Small Success Thursday

A few years ago, I felt the push from God to say the Rosary. I can’t say I felt pleased. “God. Do you see my life here? It’s too busy, that’s too much, it’s too long.” My litany of excuses was longer than an actual rosary. Then a funny thing happened. Life. I wrote about it in “Raining Rosaries.”

But in recent weeks, as we’ve started new schools I’ve found myself falling away from that daily prayer. It’s been hard to finish and harder to start. I’d also felt the new push, to go to adoration. God was courting me to return.

Back at the beginning of the year I first felt this push, and I once again (Jonah-like) put it off. I told God that if He wanted this of me, He was going to have to arrange it. Over the course of the first two months of the year, God did. I found myself at two meetings which gave me the opportunity for adoration, and at two other pick-up times where I could go and let myself be steeped in His presence.

Even with those little miracles, I did not will to go the next step, to make time myself for Him.

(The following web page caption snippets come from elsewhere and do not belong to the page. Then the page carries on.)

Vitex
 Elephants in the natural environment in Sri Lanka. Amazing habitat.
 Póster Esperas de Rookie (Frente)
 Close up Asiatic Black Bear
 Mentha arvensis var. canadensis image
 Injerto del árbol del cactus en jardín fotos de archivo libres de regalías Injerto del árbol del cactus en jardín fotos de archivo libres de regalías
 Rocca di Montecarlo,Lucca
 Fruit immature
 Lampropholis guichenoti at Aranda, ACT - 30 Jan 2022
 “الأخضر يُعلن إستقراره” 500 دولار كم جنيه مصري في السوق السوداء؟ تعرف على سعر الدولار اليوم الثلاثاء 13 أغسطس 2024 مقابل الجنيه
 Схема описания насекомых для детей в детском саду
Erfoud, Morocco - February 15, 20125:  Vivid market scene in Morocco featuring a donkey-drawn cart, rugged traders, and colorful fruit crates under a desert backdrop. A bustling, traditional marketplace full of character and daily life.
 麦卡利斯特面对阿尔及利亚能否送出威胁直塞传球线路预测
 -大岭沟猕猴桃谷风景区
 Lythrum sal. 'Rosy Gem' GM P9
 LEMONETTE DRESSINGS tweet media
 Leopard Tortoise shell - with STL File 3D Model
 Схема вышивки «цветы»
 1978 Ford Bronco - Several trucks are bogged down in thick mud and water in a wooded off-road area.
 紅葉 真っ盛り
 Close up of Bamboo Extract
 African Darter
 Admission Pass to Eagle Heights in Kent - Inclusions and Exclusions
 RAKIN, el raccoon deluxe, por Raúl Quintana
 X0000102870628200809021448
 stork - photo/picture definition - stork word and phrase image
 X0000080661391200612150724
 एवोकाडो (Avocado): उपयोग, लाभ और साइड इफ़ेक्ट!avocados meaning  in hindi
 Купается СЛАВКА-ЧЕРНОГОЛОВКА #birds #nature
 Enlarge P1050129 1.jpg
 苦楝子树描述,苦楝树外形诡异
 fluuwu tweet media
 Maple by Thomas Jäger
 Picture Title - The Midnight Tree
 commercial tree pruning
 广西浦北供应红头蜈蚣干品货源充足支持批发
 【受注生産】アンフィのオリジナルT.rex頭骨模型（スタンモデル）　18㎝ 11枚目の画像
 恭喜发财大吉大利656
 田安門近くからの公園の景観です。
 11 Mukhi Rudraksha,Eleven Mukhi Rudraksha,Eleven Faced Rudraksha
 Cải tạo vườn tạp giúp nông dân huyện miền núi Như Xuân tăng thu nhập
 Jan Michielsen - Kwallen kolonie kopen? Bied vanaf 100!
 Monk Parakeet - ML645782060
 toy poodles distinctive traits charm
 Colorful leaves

But I’d peek in when I passed the adoration chapel and knew it to be open, I just wouldn’t sit. The year got harder and harder. God kept offering me options to come and sit and rest, to take the better portion, but for some reason, I preferred my stress and I stayed away.

September came and because I wasn't praying as often, I knew I needed to do something so I began to consider if I could go to daily Mass once a week. By the end of the month, I’d found a way to make it happen.

Now adoration is held in the room outside of the cry room at the local parish. I popped my head in the first day and said, “Hello Jesus. I love you.” And wondered how I would find time for more than that given my life. I did this a few more times but felt dissatisfied. I knew God wanted more and I still wasn't giving. The next week, sitting in the cry room at Mass waiting for our turn to go up to receive the Eucharist with a very talkative three-year-old, I explained to God, “I can’t go to adoration with Anna. She’s noisy and it will distract from others who are present if I bring her. It will be loud.”

After communion, I walked hand-in-hand with my daughter to return to the cry room, but the adoration chapel’s door was open. A man holding a shop vac was cleaning out the room, but there were still adorers in the room. The noise was such that I knew this moment God had pulled out all the stops and opened the door for me for right then, as if saying, "I want a noisy church," and I took Anna into the room. “Hello Jesus, thanks for coming down to my level, and letting me see you and visit while the vacuum is going.” I said, and started laughing. We stayed until the custodian finished his work.

The moral of the story: tell God your objections but be prepared to see whatever barriers you throw up against growing closer to Him removed with a swiftness that only speaks of being Divine. (And today, my husband helped me get through the rosary).

That’s my small success for the week, I look forward to hearing about yours.